The insurance group is a group insurance contract negotiated by the bank with an insurer for the benefit of its customers. Membership formalities are simple and if put into play the insurance, the management is facilitated.

It is possible to offer the bank a specific individual contract underwritten by an insurer of choice of the borrower. The insurer designates the credit institution as the beneficiary of capital guaranteed by issuing a ?delegation of insurance.? This document is signed and accepted by the credit institution, the insurer and the borrower agree to respect each other. The insurer agrees to pay the amount due to the credit institution, in case of death, for example, and to inform in case of non-payment by the borrower.

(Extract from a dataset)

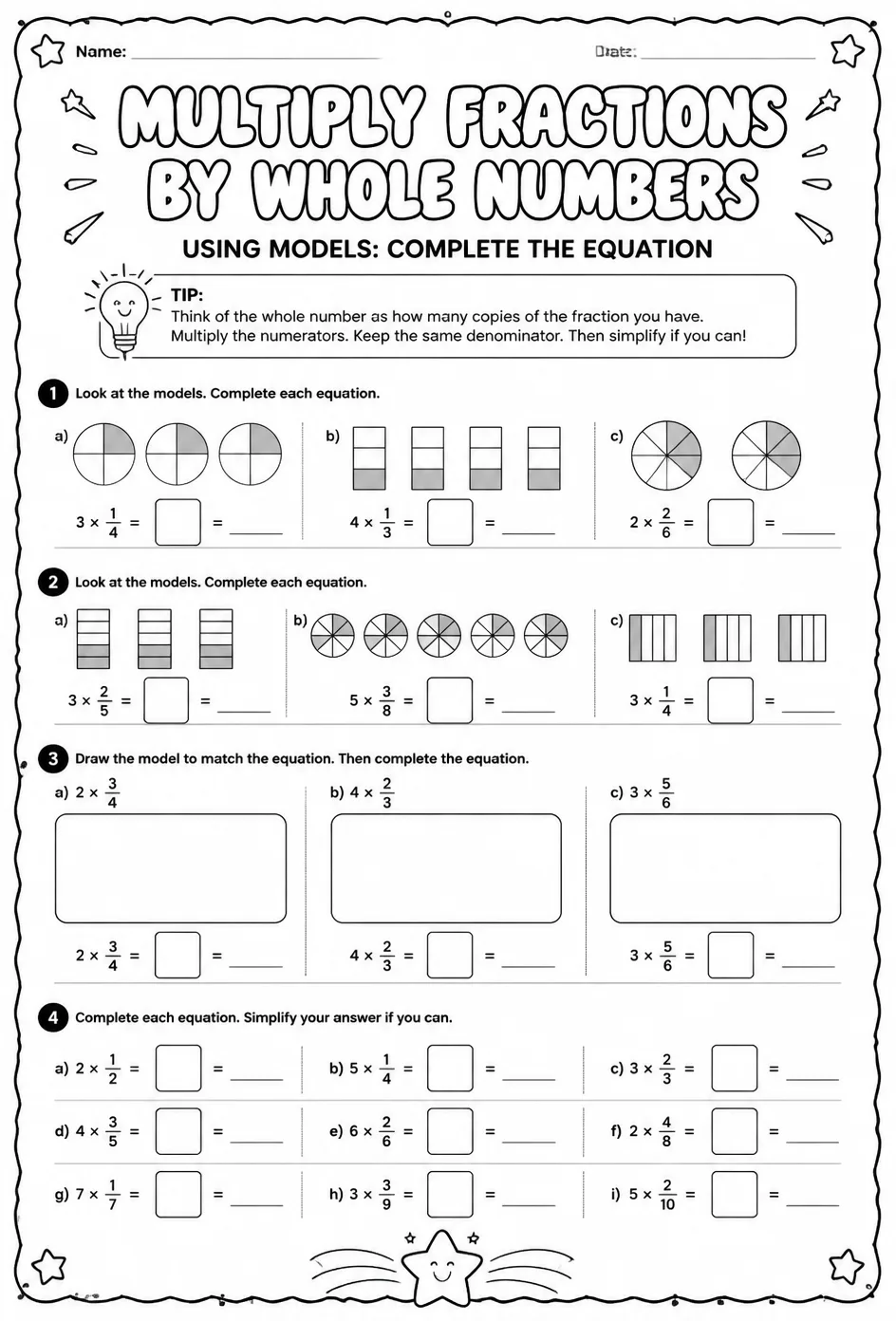 Multiply fractions by whole numbers using models: complete the equation
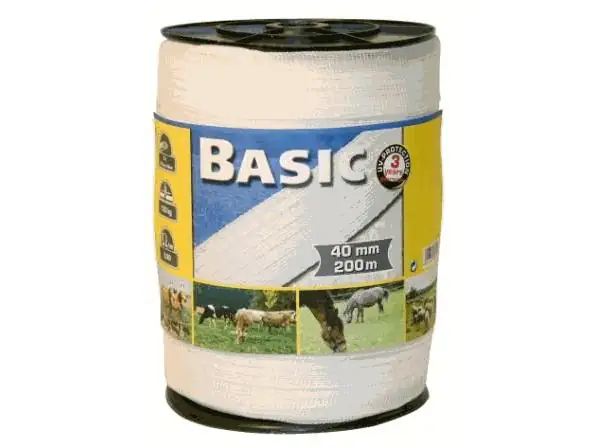 4018653006092 Kerbl Weideband 200 m / 40 mm Basic Classe Edelstahlleiter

Do not hesitate to question its bank advisor for more information.

Note: If the insurance is chosen other than that proposed by the bank, it should present a level of coverage equivalent to that of the group contract.

Good to know: a standardized information sheet must be delivered consistently by all professionals since that is sought insurance for a mortgage. It presents the benefits offered and an example of personal cost of insurance, it is easier to compare offers. You can also file an application to different insurers.

6. What are the things to check in an insurance contract mortgage?

Regardless of the contract, it must be read carefully. You should check the extent of coverage offered and the terms of management of loan maturity in the event of work stoppage or exclusion of certain activities.

We must carefully check all assi exclusions whether general or personal following consideration of the case.